A very good rant. It is good to see that some people still think RPGs are a hobby, and not just corporate money maker.

The part about WOTC is fine too : while the graphic quality has improved greatly, most of their current products have a cold soulless feeling. Kind of reflects a general attitude of the company.

And then : people complaining about their products not being spoken of on EN should do a minimum : like entering their products on the products review page for instance...

I love EN World, this is THE best place for RPGs and D&D.

Keep up the great stuff.


----------



## 2WS-Steve (Sep 4, 2004)

One more thing.

If WotC thinks that it should sweep the awards, they're arrogant, naive, and, frankly, stupid. Expensive graphics, writers, and shiny paper no more guarantee awards than $100 million dollar budgets guarantee a movie studio an Oscar sweep. Just look at Good Will Hunting or The Usual Suspects.


----------



## Edward Kann@StoryART (Sep 4, 2004)

I'm brand new around here and I have already made some great new friends, learned a lot about .pdf publishing for d20 and got some great support with writers and artists for my project.

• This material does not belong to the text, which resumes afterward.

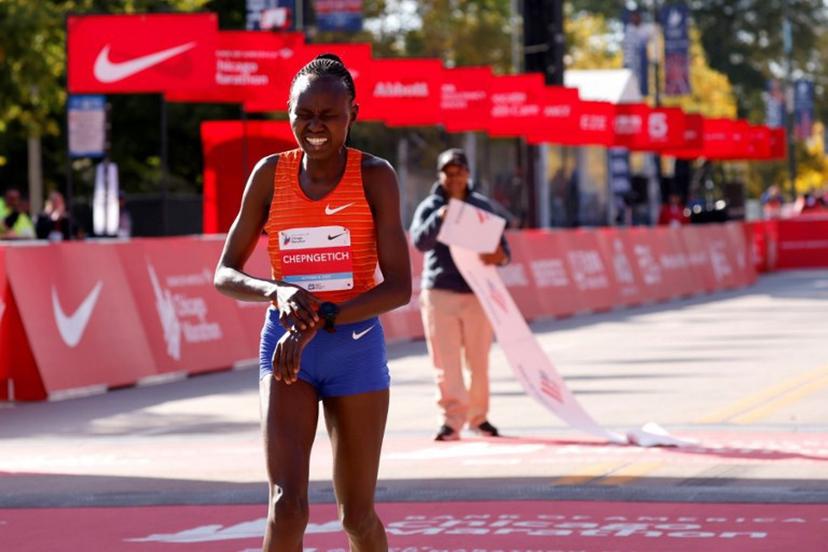 Kenya's Ruth Chepngetich reacts after crossing the finish line to place first in the women's division of the 2022 Bank of America Chicago Marathon in Chicago, Illinois, on October 9, 2022.  KAMIL KRZACZYNSKI / AFP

Thank you guys.  You can count on me to support the site with some donations (wish they could be more) as soon as pay day rolls around.

Hang in there.

Edward Kann
StoryART


----------



## mroberon1972 (Sep 4, 2004)

I am sincerly sorry if I even distantly had anything to do with that rant.  I don't think that I've thought ENWorld owed me anything, but it would seem an easy trap to fall into.

And if it was not myself that caused such bile, I'm still sorry you were treated badly enough to cause that kind of rage.

John Bowden
The Fool
Mr. Oberon
"Don't hit us!"


----------



## RangerWickett (Sep 4, 2004)

Remember folks that this is still a civil place.  Russ's grandma will no doubt chide him heartily for what he said, so while we can all grin that he said it, let's not start swinging angry comments ourselves.  Comment however you like as long as you keep it civil, please.


----------



## mroberon1972 (Sep 4, 2004)

RangerWickett said:
			
		

> Remember folks that this is still a civil place.  Russ's grandma will no doubt chide him heartily for what he said, so while we can all grin that he said it, let's not start swinging angry comments ourselves.  Comment however you like as long as you keep it civil, please.




Huh?  Wha'di'I'say?


----------



## RangerWickett (Sep 4, 2004)

Oh, I wasn't complaining about anything in particular.  I just thought it'd be good to make sure things don't get out of hand here, just in case.  *grin*


----------



## Aristotle (Sep 4, 2004)

First off, good rant Morrus. It has to feel good to get that much weight off of your chest.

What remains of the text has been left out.